*EXERCISE DIRECTIONS:* Would you please write out each of the entries below exactly, omitting pictures?

*RECORDS PROVIDED:*
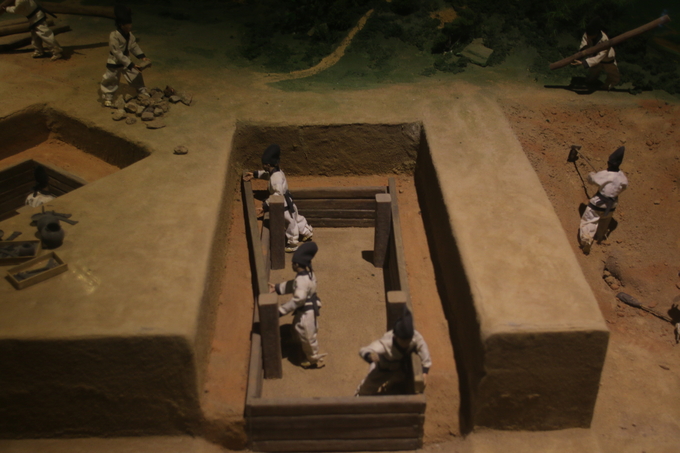 마무곽 무덤 조성 모습, 부산 연산동 고분 박물관.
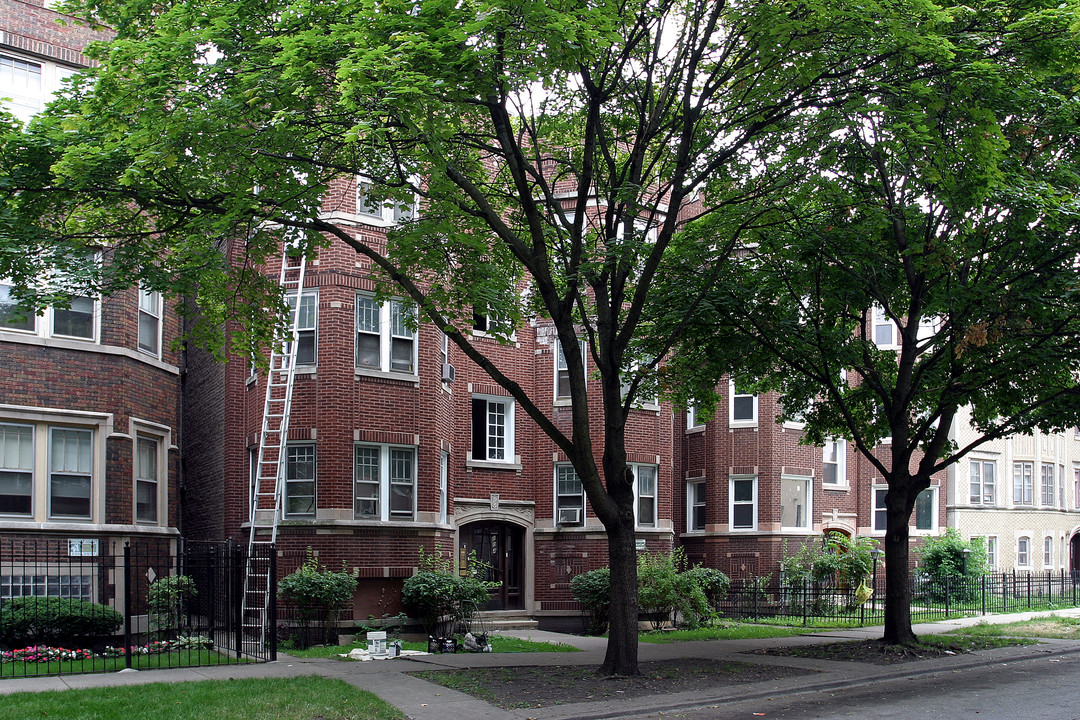 8045 S Maryland Ave in Chicago, IL - Foto de edificio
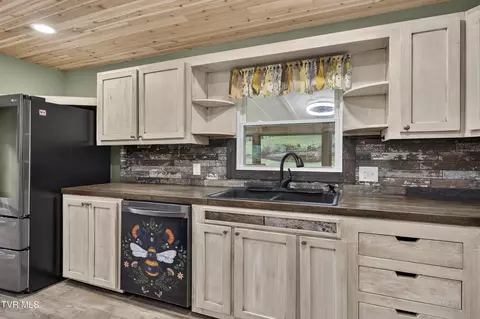 Kitchen - 13422 Countiss Road Abingdon Va 24210, Abingdon, VA 24210 photo 2 of 3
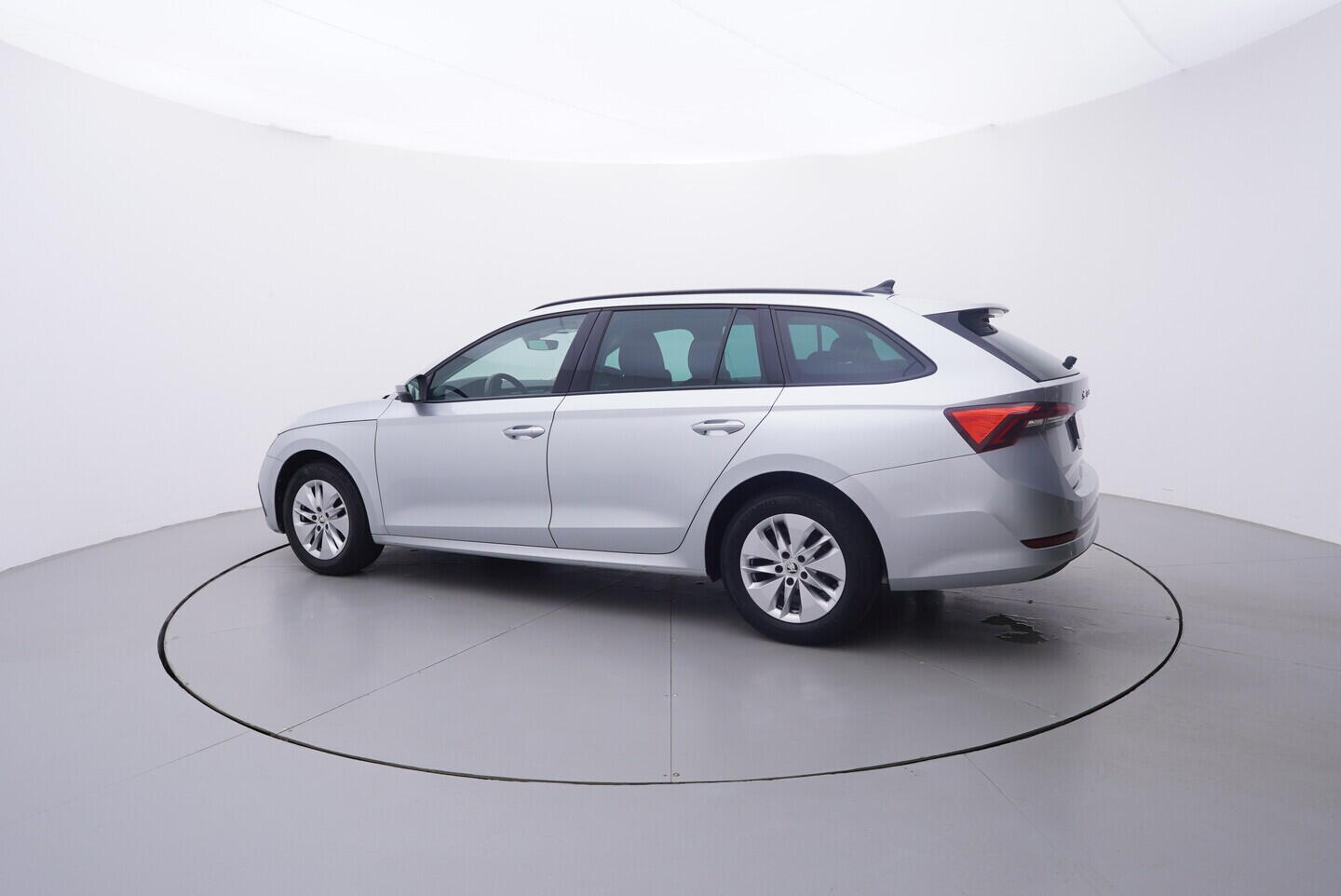 OV190V10886_12.webp_OCTAVIA Ambition 2.0 TDI 85 kW manuál, DPH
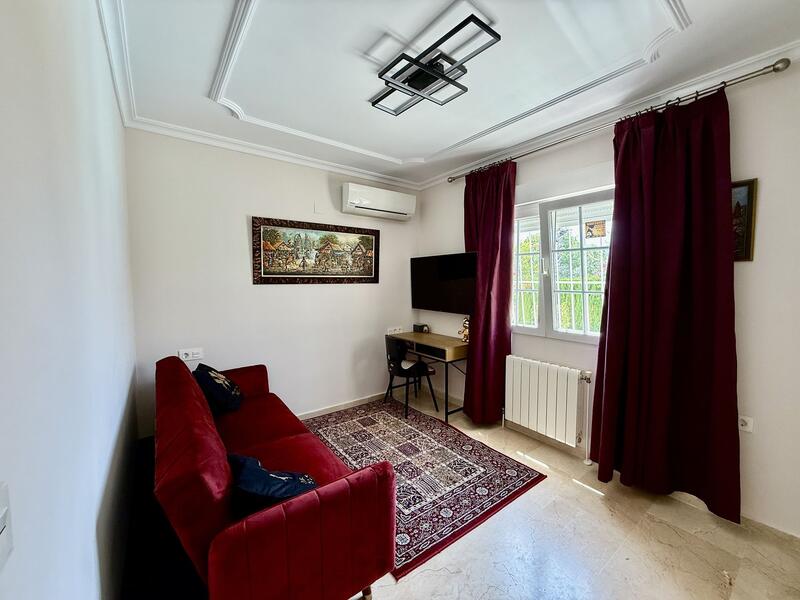 4 Cuarto Villa en venta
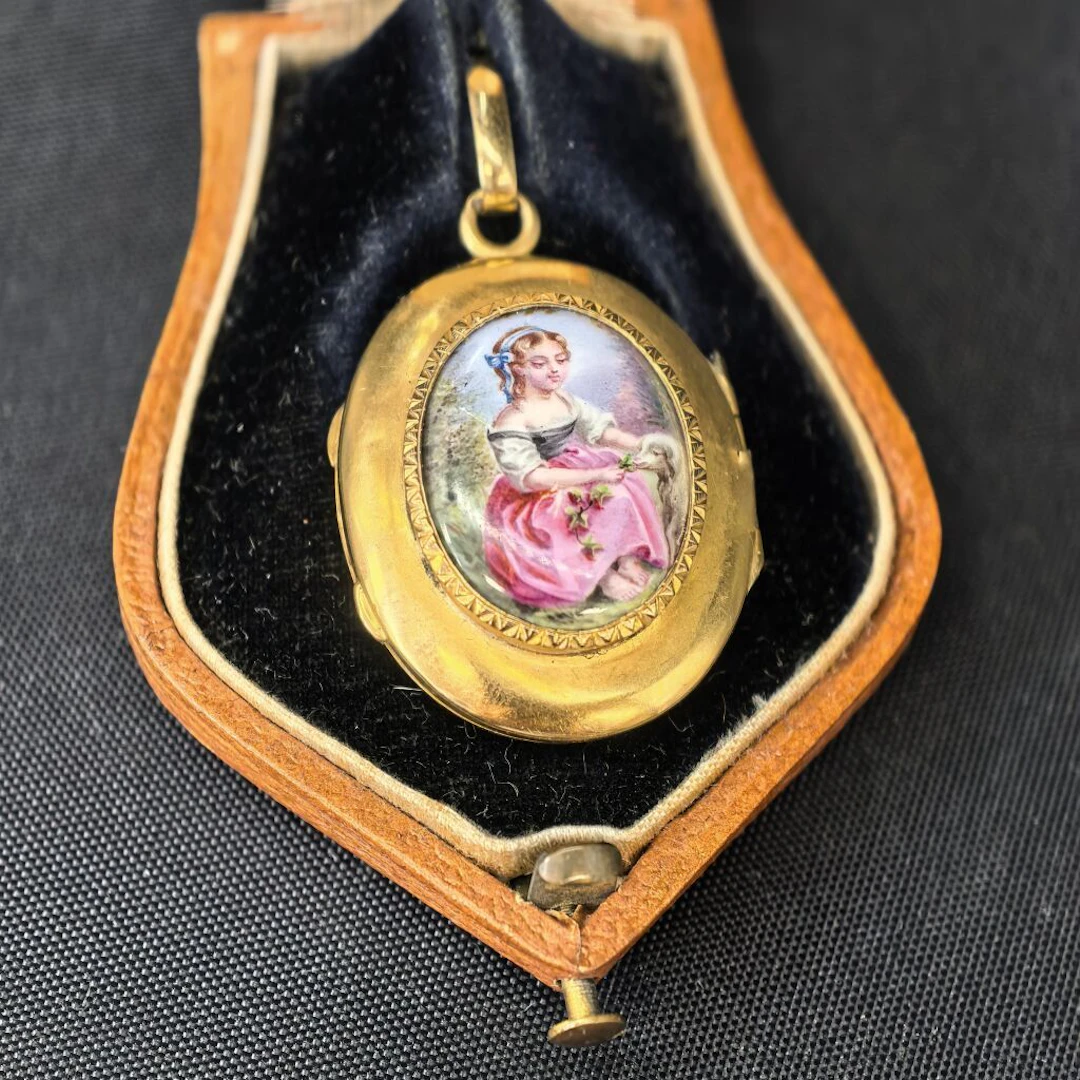 A medallion-shaped photo pendant in 750‰ yellow gold, featuring an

*ANSWER:*
 마무곽 무덤 조성 모습, 부산 연산동 고분 박물관.
 8045 S Maryland Ave in Chicago, IL - Foto de edificio
 Kitchen - 13422 Countiss Road Abingdon Va 24210, Abingdon, VA 24210 photo 2 of 3
 OV190V10886_12.webp_OCTAVIA Ambition 2.0 TDI 85 kW manuál, DPH
 4 Cuarto Villa en venta
 A medallion-shaped photo pendant in 750‰ yellow gold, featuring an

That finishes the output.